ILP Part 60 – Fencing Match

This is the sixtieth part of the ILP series. For your convenience you can find other parts in the table of contents in Part 1 – Boolean algebra

Today we are going to solve Fencing Match. We have a board with some numbers on it. Each number indicates how many edges of that field must be included in the road. We need to build the closed road (loop) meeting the requirements.


In line 3 we encode the board as a string.

We are going to model two things: fields and crossing points. Each field has four edges (top, bottom, left, right) represented by binary variables. You can see that in lines 8-24.

In lines 26-38 we define some helpers, and then in lines 40-49 we make sure that edges of adjacent fields match (so right edge of some field is equal to the left edge of the field on the right).

Second thing we model is crossing points. For each field there is one crossing point in the top left corner, also, fields on the right and bottom boundary have additional crossing points in the bottom right corner. This is in lines 51-76. We also define another variable IdVar for numbering the points in a BFS-like style later.

Next, we make sure crossing points match. Each crossing point includes up to four edges (left, right, up, down) which need to match with field edges. A lot of juggling in lines 78-137.

That was “simple” but cumbersome. Once we have the correct model we can easily model our requirements.

First, in lines 128-137 we make sure that edges of fields with numbers are selected properly.

In lines 139-159 we make sure the road is continuous. The same trick as always — we take edges for a given crossing point and make sure that either none of them or exactly two of them are selected for the road.

Finally, in lines 161-2016 we make sure there is exactly one road. We ignored this requirement in previous parts so it’s high time to takle it.

We base our idea on BFS-like approach. We want to cut the road in two equal halves, identify one “end” of it as a starting point and then number all points on the road based on the Manhattan distance.

We designate two points which we call “top left” and “bottom right”. They don’t need to be actual top-left-most and bottom-right-most points on the road. We need to make sure there is exactly one top left and one bottom right. This will guarantee there is exactly one road. So we start with lines 162 and 163 which we use to count the points and then in lines 215-216 we set the constraint.

Starting in line 165 we iterate through all the crossing points. We define binaries for top left and bottom right points in lines 170-171. We then add them in lines 173 and 174. Effectively only one road point will be a “top left” and some other will be “bottom right”.

We also calculate if given point is special – either top left or bottom right – in line 175.

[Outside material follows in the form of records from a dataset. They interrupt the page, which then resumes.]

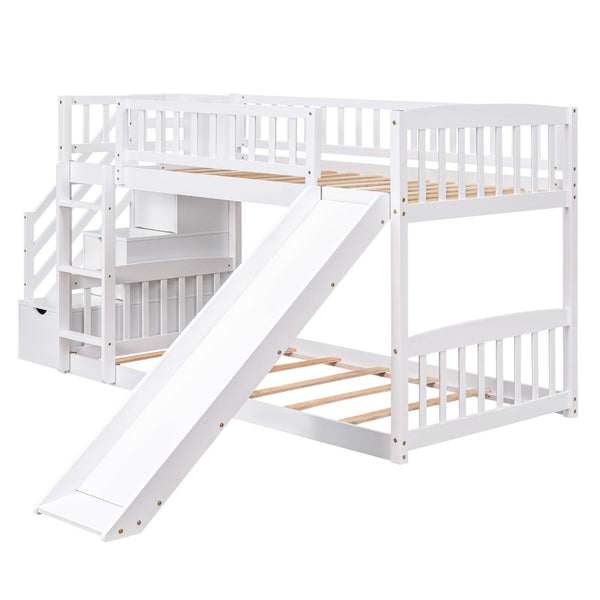 English Elm Stairway Twin Over Kids Bunk Bed with Storage Stairs Slide and White Finish LT100155AAK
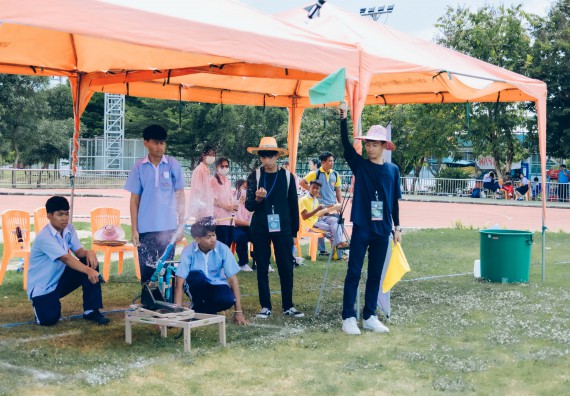 ภาพกิจกรรม  คณะวิทยาศาสตร์และเทคโนโลยี จัดการแข่งขันจรวดขวดน้ำ ระดับประถมศึกษา มัธยมศึกษาตอนต้น มัธยมศึกษาตอนปลาย งานสัปดาห์วิทยาศาสตร์แห่งชาติ ส่วนภูมิภาค ประจำปี 2566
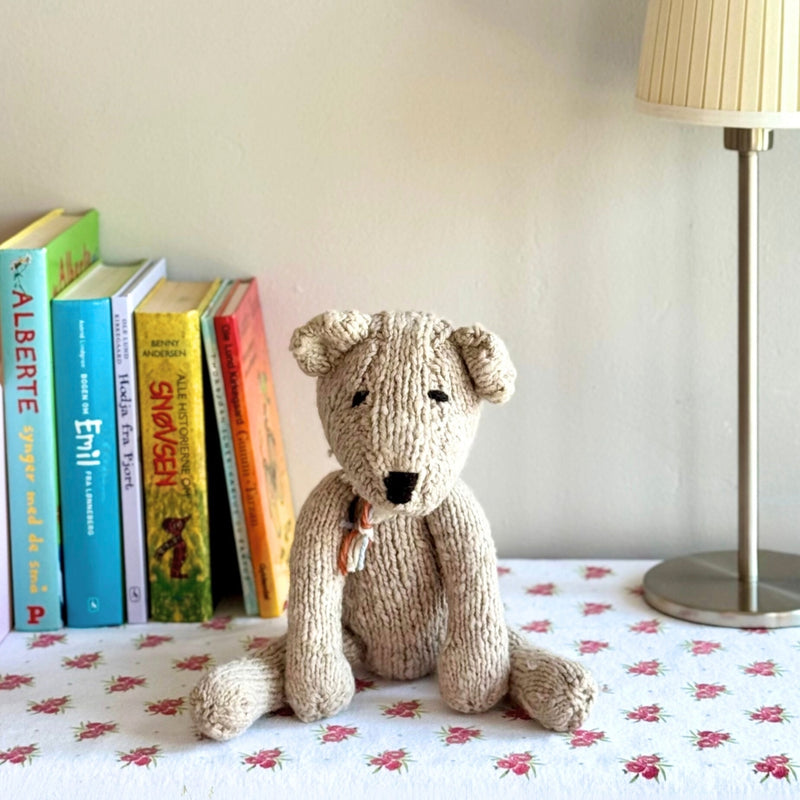 Kenana Knitters Hand Knitted Organic Wool Brown Teddy Bear Stuffed Animal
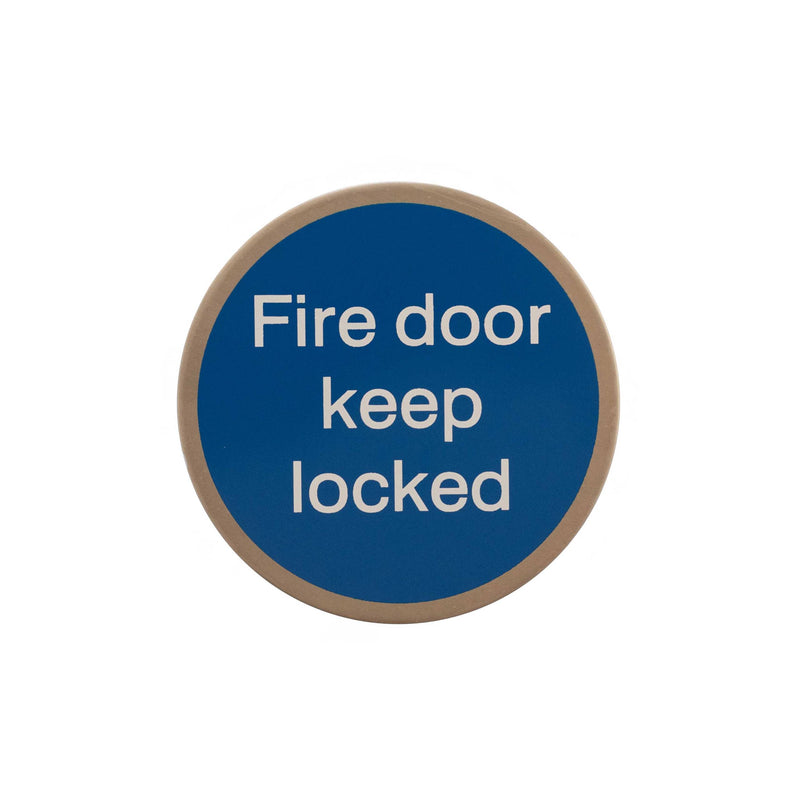 Atlantic Fire Door Keep Locked Disc Sign 3M Adhesive 75mm - Satin Stainless Steel - AS75FDKLASSS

Now we need to implement the BFS-like logic. In line 177 we use conditions to specify that if this point is a bottom-right one then its IdVar must be equal to zero. This effectively starts the numbering. Notice that IdVar is a natural number. If this point is not a bottom-right corner then line 177 set its IdVar to a free variable effectively neutralizing the constraint. This is actually how you make “if” condition in ILP (instead of “if-else” expression).

Next, in lines 181-196 we find neighbors. We group tuples of neighbours’ IdVars and our edges. Then in lines 198-200 we add a constraint that if there is a road (edge is equal to one) then neighbour’s IdVar must differ by one from our value. Since we operate on natural numbers and we start numbering from zero, neighbours will have increasing values.

In lines 202-209 we make some magic. If you take a continuous road and number points starting from the corner, you can see that for each “middle” point neighbours’ IdVars differ by two. However, for two special points (top left and bottom right corners) the neighbours are equal. This is what we set here — we conditionally take IdVars for neighbours (if there are edges) and then set the difference to zero or two, depending on whether given point is a special corner or not.

Finally, in line 211 we make sure that the special point can be on the road only — if is special is one (so given point is a corner) then we use material implication to indicate that at we must have some edges set for this field.


Printing may be a little misleading at first sight but it shows the correct answer.

Also, this solution is prone to numerical instability.